Paul McCartney/Carl Davis (EMI Classics 54371)
Tempting as it is to joke that this is where "the cute one" becomes "the classical one," Paul McCartney's "Liverpool Oratorio" is quite earnest about its aspirations. Recorded with the Royal Liverpool Philharmonic and a first-rate set of soloists (including Dame Kiri Te Kanawa), it arrives with all the trappings of a serious orchestral work -- except, of course, the dissonance and abstractions usually associated with contemporary classical music. Instead, its linear structure and tuneful, text-oriented vocal lines have far more in common with the musical theater, emphasizing approachable melody over compositional structure. It's not likely to make Beethoven roll over, but it should turn heads among McCartney's pop audience.

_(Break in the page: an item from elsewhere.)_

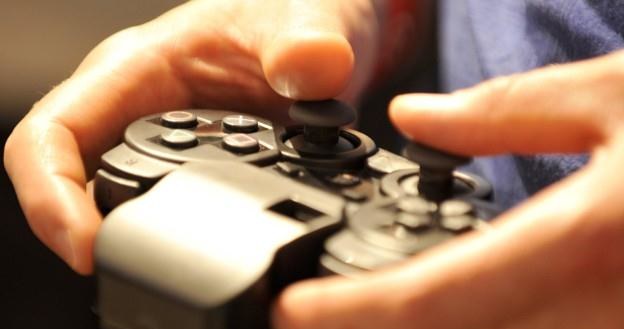 Wkrótce wysłużony DualShock otrzyma nowe właściwości? /AFP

Live albums tend to be a waste of money, offering little more than tepid recapitulations of songs most fans already have, but not "Weld," the new double-album from Neil Young & Crazy Horse. Solid as the song selection is, which ranges from classics like "Cinnamon Girl" to recent ravers like "Farmer John," what makes the album matter is the incandescence of the performances. Sure, Young and band know how to bludgeon a riff, but for all the ear-shredding intensity of rockers like "Welfare Mothers," both the best moments are generally more subtle, as with the gentle "Cortez the Killer" or the heartfelt "Tonight's the Night." There's also a version called "Arc Weld," augmenting "Weld" with 30 minutes of orchestrated feedback that will delight any noise maniac.